** Provided material **
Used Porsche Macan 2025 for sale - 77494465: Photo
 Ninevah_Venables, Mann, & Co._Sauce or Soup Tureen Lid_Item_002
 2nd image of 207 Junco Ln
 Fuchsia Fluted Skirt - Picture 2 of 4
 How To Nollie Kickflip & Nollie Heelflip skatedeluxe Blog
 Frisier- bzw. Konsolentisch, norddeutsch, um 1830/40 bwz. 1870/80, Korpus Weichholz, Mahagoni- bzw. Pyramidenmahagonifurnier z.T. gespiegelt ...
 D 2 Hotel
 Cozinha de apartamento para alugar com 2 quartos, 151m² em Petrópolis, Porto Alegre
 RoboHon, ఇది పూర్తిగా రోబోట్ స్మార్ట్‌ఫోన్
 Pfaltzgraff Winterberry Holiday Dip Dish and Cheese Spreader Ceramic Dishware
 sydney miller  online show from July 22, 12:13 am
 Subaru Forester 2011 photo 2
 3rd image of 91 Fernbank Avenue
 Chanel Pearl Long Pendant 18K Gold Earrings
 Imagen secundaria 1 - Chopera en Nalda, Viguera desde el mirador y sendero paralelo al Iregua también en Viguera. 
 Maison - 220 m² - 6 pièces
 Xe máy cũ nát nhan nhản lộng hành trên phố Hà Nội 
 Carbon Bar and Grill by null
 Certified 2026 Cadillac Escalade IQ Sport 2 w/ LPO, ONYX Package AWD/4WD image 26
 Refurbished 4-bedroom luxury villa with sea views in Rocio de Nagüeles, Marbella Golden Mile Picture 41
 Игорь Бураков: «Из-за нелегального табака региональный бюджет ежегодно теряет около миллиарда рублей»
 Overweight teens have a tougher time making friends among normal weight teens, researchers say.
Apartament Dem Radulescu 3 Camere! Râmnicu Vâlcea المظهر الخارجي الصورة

** Work instructions **
Retype all the data, keeping every character the same.

** Output for this task **
Used Porsche Macan 2025 for sale - 77494465: Photo
 Ninevah_Venables, Mann, & Co._Sauce or Soup Tureen Lid_Item_002
 2nd image of 207 Junco Ln
 Fuchsia Fluted Skirt - Picture 2 of 4
 How To Nollie Kickflip & Nollie Heelflip skatedeluxe Blog
 Frisier- bzw. Konsolentisch, norddeutsch, um 1830/40 bwz. 1870/80, Korpus Weichholz, Mahagoni- bzw. Pyramidenmahagonifurnier z.T. gespiegelt ...
 D 2 Hotel
 Cozinha de apartamento para alugar com 2 quartos, 151m² em Petrópolis, Porto Alegre
 RoboHon, ఇది పూర్తిగా రోబోట్ స్మార్ట్‌ఫోన్
 Pfaltzgraff Winterberry Holiday Dip Dish and Cheese Spreader Ceramic Dishware
 sydney miller  online show from July 22, 12:13 am
 Subaru Forester 2011 photo 2
 3rd image of 91 Fernbank Avenue
 Chanel Pearl Long Pendant 18K Gold Earrings
 Imagen secundaria 1 - Chopera en Nalda, Viguera desde el mirador y sendero paralelo al Iregua también en Viguera. 
 Maison - 220 m² - 6 pièces
 Xe máy cũ nát nhan nhản lộng hành trên phố Hà Nội 
 Carbon Bar and Grill by null
 Certified 2026 Cadillac Escalade IQ Sport 2 w/ LPO, ONYX Package AWD/4WD image 26
 Refurbished 4-bedroom luxury villa with sea views in Rocio de Nagüeles, Marbella Golden Mile Picture 41
 Игорь Бураков: «Из-за нелегального табака региональный бюджет ежегодно теряет около миллиарда рублей»
 Overweight teens have a tougher time making friends among normal weight teens, researchers say.
Apartament Dem Radulescu 3 Camere! Râmnicu Vâlcea المظهر الخارجي الصورة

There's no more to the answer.